→ Supplied data:
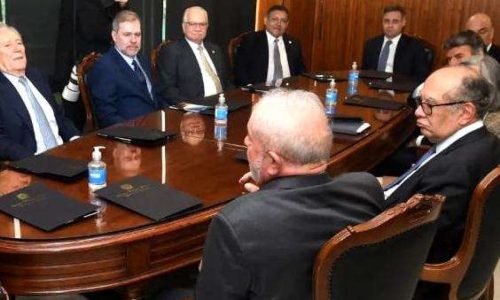 Instituições à beira da falência: risco iminente de mortes suspeitas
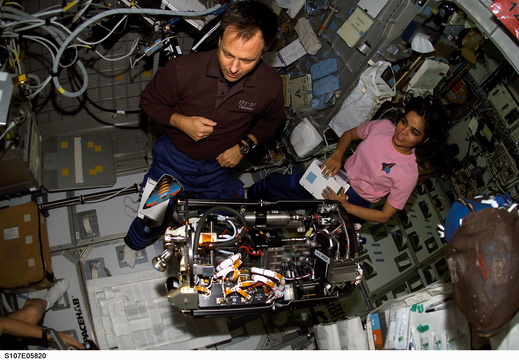 STS107-E-05820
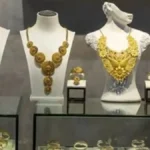 قفزة تاريخية للذهب.. سعر عيار 18 يسجل مستويات قياسية غير مسبوقة بالأسواق المحلية#قفزة #تاريخية #للذهب. #سعر #عيار #يسجل #مستويات #قياسية #غير #مسبوقة #بالأسواق #المحلية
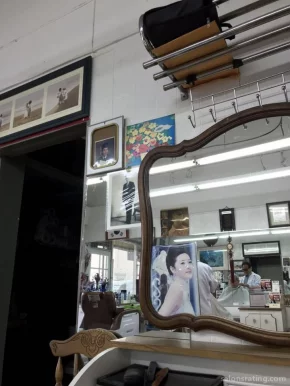 Lee's Barber Shop, Oakland - Photo 3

→ Work to complete:
From the first line to the last, repeat the material exactly, but drop the pictures.

→ Answer to this exercise:
 Instituições à beira da falência: risco iminente de mortes suspeitas
 STS107-E-05820
 قفزة تاريخية للذهب.. سعر عيار 18 يسجل مستويات قياسية غير مسبوقة بالأسواق المحلية#قفزة #تاريخية #للذهب. #سعر #عيار #يسجل #مستويات #قياسية #غير #مسبوقة #بالأسواق #المحلية
 Lee's Barber Shop, Oakland - Photo 3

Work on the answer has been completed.